La corsa alla digitalizzazione è ben più rapida della nostra capacità di “alfabetizzare” la nazione al linguaggio dei nuovi media. Nel tentativo di recuperare terreno, il Ministero per l’Innovazione tecnologica e la transizione digitale si attrezza per lanciare il “servizio sociale digitale“, programma in cui i giovani volontari saranno formati per aiutare le persone a colmare le falle delle loro competenze digitali.

La necessità di una ““facilitazione digitale” ci è stata peraltro raccomandata direttamente dal Consiglio Europeo, il quale ci ha dato una metaforica tirata d’orecchi facendoci notare sia necessario “migliorare l’apprendimento e le competenze digitali, in particolare per quanto riguarda gli adulti in età lavorativa e l’apprendimento a distanza”.

Il servizio civile digitale non servirebbe quindi ad aiutare i vecchiarelli a usare uno smartphone – non solo, perlomeno -, ma ha consolidare le basi di un mondo lavorativo in cui sempre più persone devono saper manovrare applicazioni, gestionali o anche solo destreggiarsi all’interno dei servizi online delle Poste Italiane.

Il tassello essenziale di qualsiasi transizione, soprattutto quella digitale, sono le persone. Grazie al Servizio Civile Digitale tanti giovani potranno aiutare le fasce più bisognose della popolazione ad acquisire le ormai imprescindibili competenze necessarie per esercitare una piena cittadinanza digitale.

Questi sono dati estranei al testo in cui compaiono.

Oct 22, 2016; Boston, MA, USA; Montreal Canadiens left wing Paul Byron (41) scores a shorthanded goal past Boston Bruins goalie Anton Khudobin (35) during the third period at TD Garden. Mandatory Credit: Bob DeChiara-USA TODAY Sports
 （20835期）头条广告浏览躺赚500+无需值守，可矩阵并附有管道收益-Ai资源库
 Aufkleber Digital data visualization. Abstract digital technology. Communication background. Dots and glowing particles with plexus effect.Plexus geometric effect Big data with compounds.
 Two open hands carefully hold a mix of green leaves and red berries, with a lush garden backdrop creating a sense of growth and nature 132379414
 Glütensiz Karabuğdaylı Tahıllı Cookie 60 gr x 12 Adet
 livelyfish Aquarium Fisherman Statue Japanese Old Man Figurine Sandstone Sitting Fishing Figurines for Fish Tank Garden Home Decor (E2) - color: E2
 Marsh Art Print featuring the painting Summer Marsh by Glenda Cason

L’obiettivo dell’Italia è colmare il divario di competenze con almeno il 70% di popolazione digitalmente abile entro il 2026. Non possiamo trascurare il capitale umano, abbiamo il dovere di rafforzare e incoraggiare le competenze perché grazie al digitale possiamo costruire una società più moderna e inclusiva,

ha dichiarato Vittorio Colao, Ministro dell’Innovazione tecnologica e la transizione digitale.